3. Section 3: Resources

Section 1: KM Key Contributors

1. The late Max Bromley — KM Project Manager

Max joined DEC in 1983, transitioned into Compaq in 1998, and left Compaq in 2001. He served as KM project manager, making significant contributions to the KM program. In 2000, he worked closely with me and APQC on the corporate KM strategy. I greatly valued his insights, expertise, and efforts.

Max died suddenly on July 5, 2022. He was a great friend, and will be missed.

2. Earle Craigie — Western Region KM Lead

Earle joined DEC in 1980, transitioned into Compaq in 1998 and HP in 2002, and left HP in 2002. He led KM for the U.S. Western Region, making many innovative contributions to the KM program.

3. John Tohline — Knowledge Network Webmaster

John joined DEC in 1973, transitioned into Compaq in 1998 and HP in 2002, and retired from HP in 2004. He served as the webmaster for the Knowledge Network and was a key member of the KM team.

4. Etienne Bossard — European KM Team Member

Etienne joined DEC in 1978, transitioned into Compaq in 1998, and left Compaq in 1999. Starting in NSIS Europe at DEC, he identified proven practices and sample project deliverables, with the challenge of making these available in different languages. Etienne tested tools like Systran to help in the publishing phase.

5. Ron Kempf — Project Management Competency Director and Community of Practice Leader

Ron joined DEC in 1987, transitioned into Compaq in 1998 and HP in 2002, and left HP in 2007. As director of project management (PM) competency for Compaq, he wrote the following article about KM and PM in 2001.

Integrating knowledge management into project management — a practical approach

The Compaq Global Services Knowledge Network is a knowledge repository that resides on the company intranet and consists of more than 500,000 web pages of information that is accessible worldwide. The knowledge base is replicated in North America, Europe, and Asia, and each geographical region has its own portal to provide a focus on the local business, teams, and customers. Management of this wealth of knowledge is distributed to the specific organization that owns the material to ensure accurate and timely updates. Consistent standards are used for a common look and user interface. Materials are stored only once with links from appropriate pages. The Knowledge Network has been set up as an integral part of the work, not as a function that must be performed separately. Much of the KM system has evolved with the work that needs to be done so that it is not normally thought of as being something separate.

Compaq Global Services is committed to a knowledge-empowered workforce. The KM program contributes to a web-based knowledge network, which is a repository of our collective expertise, information, tools, and even entire solution components. When an opportunity or challenge arises, selling and delivery teams can quickly tap these proven resources, which increase the use of repeatable solutions, shorten selling and delivery times, and increase profitability.

Within the repository, a page owner manages a specific set of pages and keeps his or her information current.

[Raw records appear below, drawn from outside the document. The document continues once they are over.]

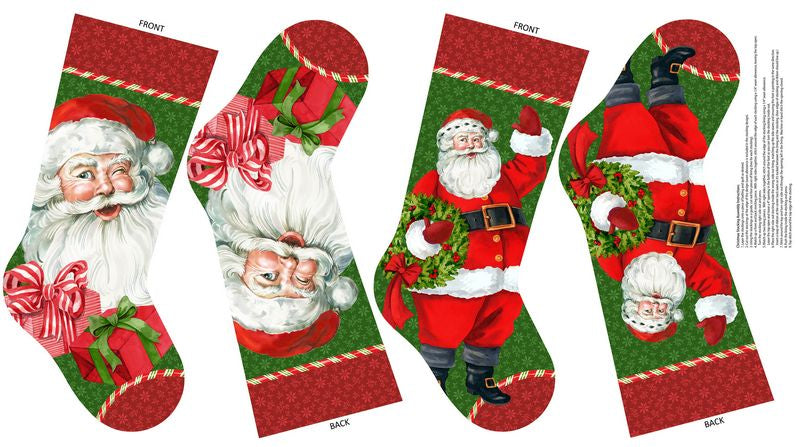 Vintage Christmas - Stocking Panel in Dark Green Multi - Deborah Edwards - Northcott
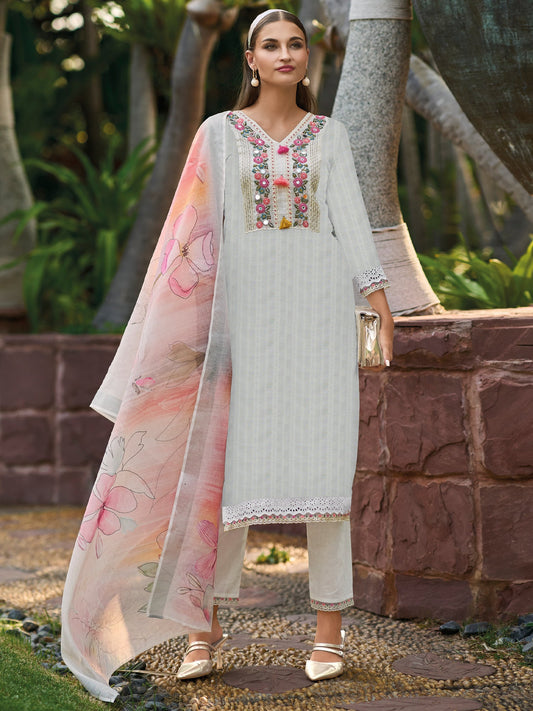 Women Off White Embroidered Straight Kurta Trousers With Dupatta Set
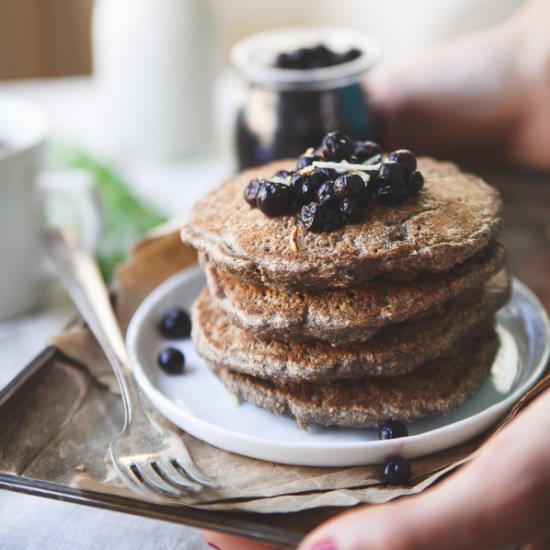 Cinnamon Raisin Oat Bran Pancakes - Recipe photo by Running to the Kitchen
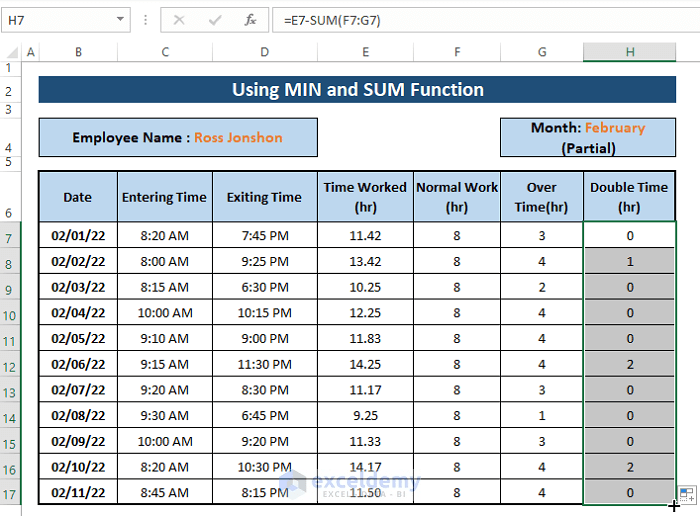 How to Use an Excel Formula to Calculate Overtime and Double Time (3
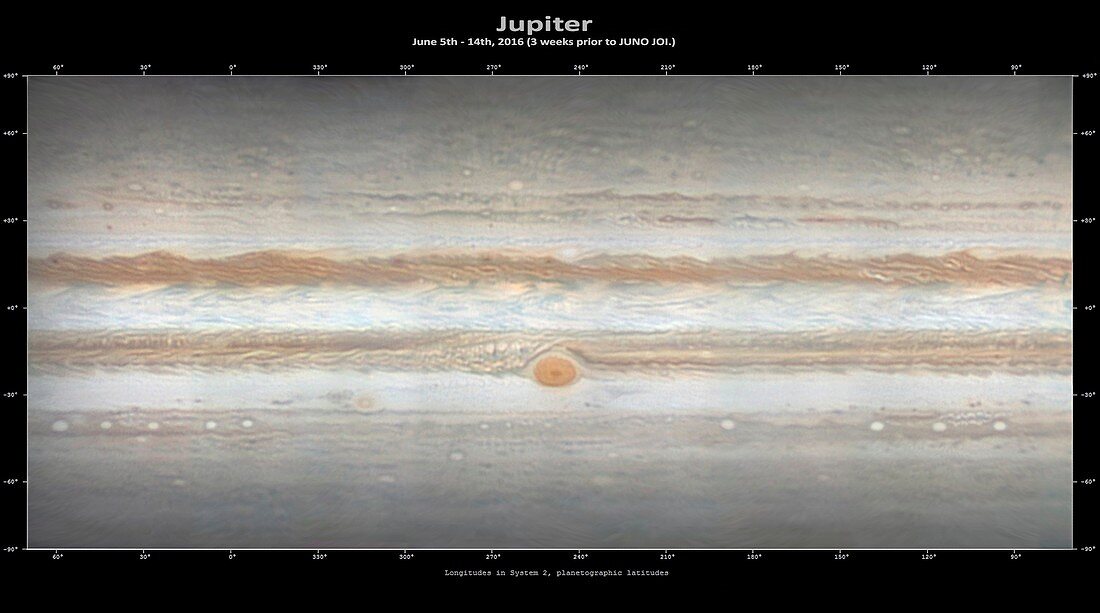 Map of Jupiter, cylindrical projection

The distributed nature of the Knowledge Network lets Global Services draw from its extensive network of knowledge-keepers, while making the repository look like a single, consistent entity. As a result, everyone in the organization has the tools to look at the whole picture when confronting a customer problem.

Key Contacts

In a global organization the size of Compaq, knowing whom to contact can be a key success factor to global projects. Key contact lists are maintained within the Knowledge Network to provide those contacts based on the topic area needed.

Community of Practice

An electronic subscription tool is used for the broad distribution of electronic business communications such as email, newsletters, sales flashes, etc. All Compaq workers have the option to create a profile that allows them to subscribe to the specific types of electronic information that interests them. As an example, the Project Management Competency Circle is for people interested in information about project management. Some of the topics covered include training, PMP® certification, project management activities in Compaq, news from PMI®, and publications. Newsletters are periodically distributed on these topic areas. The global audience of Compaq employees shares new information on a wide range of project management topics.

Knowledge-Sharing Requests

Knowledge Sharing Requests are requests for others to share their knowledge, experience, or information in order to help advance an opportunity or solve a problem. These requests are sent out to individuals who may be able to help on the specific topic. They result in mail messages or phone calls, back to the requestor providing the requested information.

Project Experience/Lessons Learned

Project experience is the lessons learned from delivering solutions to our customers. The KM Program collects and publishes project experience to help future project teams learn from the results of others. This website provides access to documents and other files produced from many Global Services projects. In addition, you will find summaries and other results from the analysis of project activities and documents. An individual can access information on this site by Practice and Segment. Lessons Learned are also available by topic area.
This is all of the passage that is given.